§ EXERCISE INSTRUCTIONS:
Before copying, set the pictures aside; then repeat every line below verbatim.

§ EXCERPTED RECORDS:
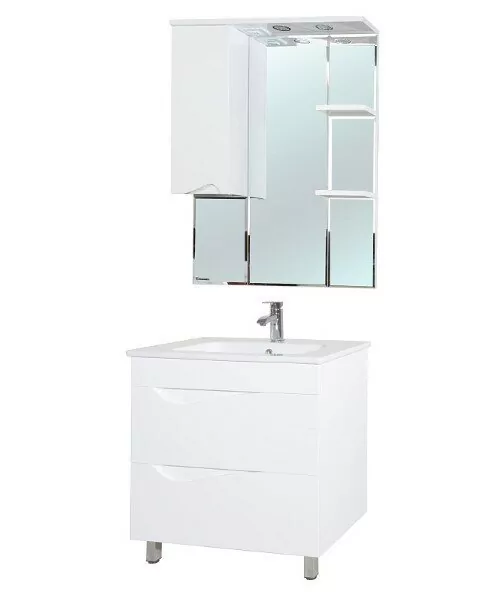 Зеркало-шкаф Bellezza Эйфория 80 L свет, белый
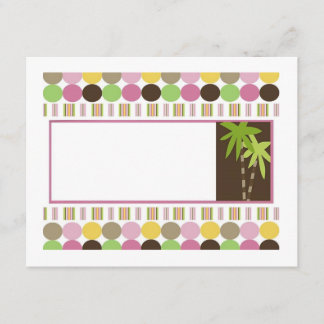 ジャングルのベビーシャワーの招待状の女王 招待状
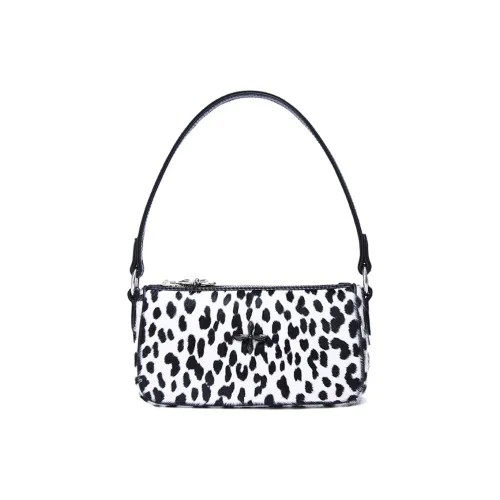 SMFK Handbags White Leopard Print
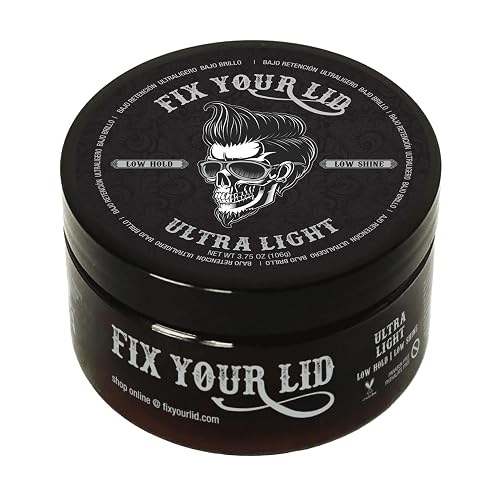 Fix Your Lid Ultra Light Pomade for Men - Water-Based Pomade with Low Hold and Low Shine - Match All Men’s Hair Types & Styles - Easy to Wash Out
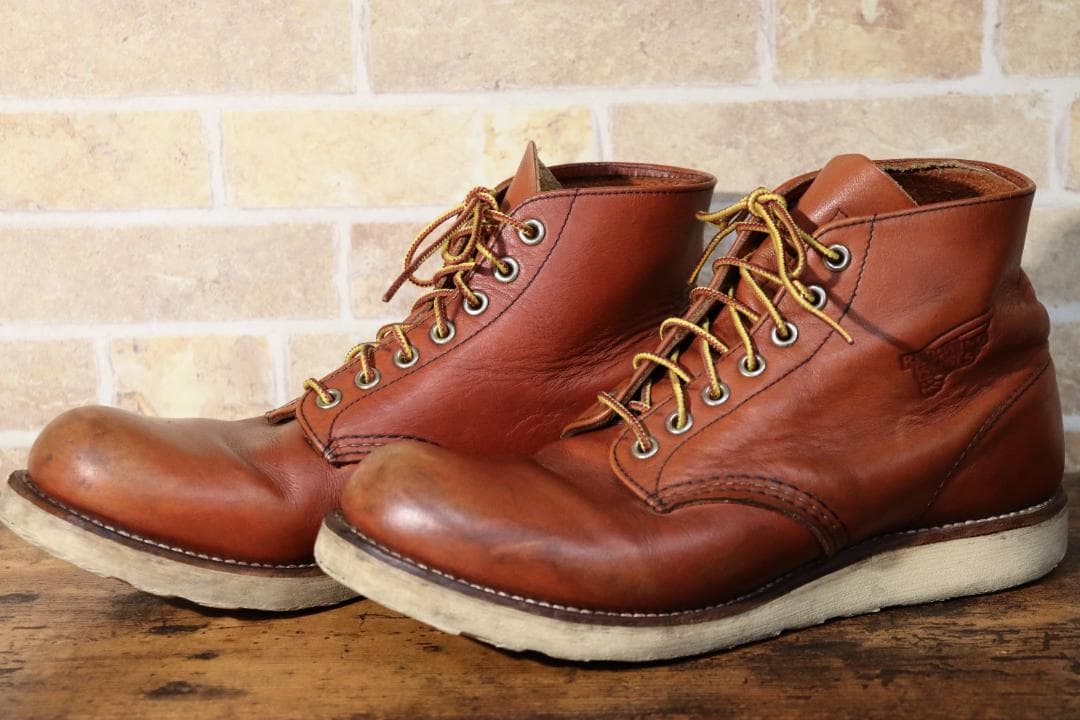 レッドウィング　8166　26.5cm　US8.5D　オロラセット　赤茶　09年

§ PROBLEM SOLUTION:
 Зеркало-шкаф Bellezza Эйфория 80 L свет, белый
 ジャングルのベビーシャワーの招待状の女王 招待状
 SMFK Handbags White Leopard Print
 Fix Your Lid Ultra Light Pomade for Men - Water-Based Pomade with Low Hold and Low Shine - Match All Men’s Hair Types & Styles - Easy to Wash Out
 レッドウィング　8166　26.5cm　US8.5D　オロラセット　赤茶　09年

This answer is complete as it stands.